- Born: January 1, 1899 Muharraq, Bahrain
- Died: May 5, 1945 (aged 46) Manama, Bahrain
- Occupations: Writer, journalist, poet, and dramatist

= Abdullah bin Ali bin Jabber Al Zayed =

Abdullah bin Ali bin Jabber Al Zayed (عبد الله الزايد, January 1, 1899 – May 5, 1945) was a Bahraini dramatist, poet, and journalist. He was born in Muharraq, the son of a pearl merchant who plied the Persian Gulf. Al Zayed attended the school run by Sheikh Muhammad Saleh Yusuf, a graduate of Al-Azhar University. Although Al Zayed succeeded his father in the pearl trade, he remained in touch with the country's scholars and authors. Exiled politically to India from 1929 to 1932, he established the first modern printing press in the Gulf States and founded a cultural club in his hometown.
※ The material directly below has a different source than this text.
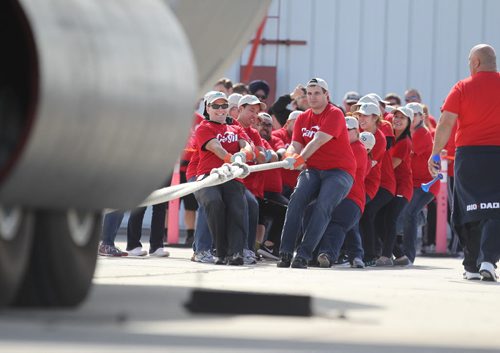 Employees with Cargill give it their all as they try to be the fasted in pulling a Hercules aircraft over a finish line in the 12th annual Plane Pull with proceeds from the  event  going to the United Way.   Standup photo  Sept 18, 2015  Ruth Bonneville / Winnipeg Free Press
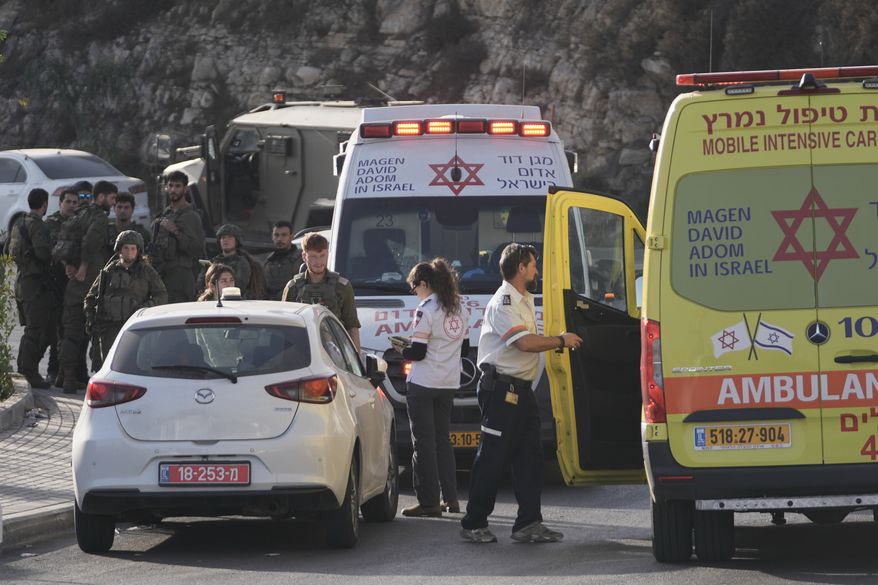 Israeli soldiers and emergency personnel gather near ambulances following a shooting attack near Yehuda Junction, near Hebron, in the occupied West Bank, Friday, Oct. 23, 2026. (AP Photo/Mahmoud Illean)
In 1939, Al Zayed founded the newspaper Bahrain (البحرين), which lasted for six years. He wrote stories and plays as well. Mubarak Al Khater compiled, edited, and published Al Zayed's works in 1996.

==Biography==
Though some sources give Abdullah bin Ali bin Jabber Al Zayed's birthdate as January 1, 1899 (19 Sha’ban 1316 AH, others offer 1317 AH or around 1894 C.E. All agree he was born in Muharraq. He learned to write from Sheikh Isa bin Rashid in Muharraq, became a Hafiz (memorizer of the Quran) at an early age, and studied the Arabic language and fiqh (Islamic jurisprudence). After his kuttab education, he moved on to private school and studied Arabic with Sheikh Muhammad Saleh Yusuf at the school run by Ibrahim bin Mohammed bin Khalifa bin Salman Al Khalifa, namesake of today's Sheikh Ebrahim Center. Al Zayed was one of the founders of the Literary Club of Muharraq and was its secretary. Working in the pearl trade before dedicating himself full-time to the arts, he established Bahrain's first modern printing press and library in 1932, founded a cinema and theater in 1937, and issued the island's first newspaper under the name Bahrain, which continued until his death. He co-founded the Committee for Poor Relief and also served as its secretary. Al Zayed also contributed to a number of charities and social activities related to events in Mandatory Palestine.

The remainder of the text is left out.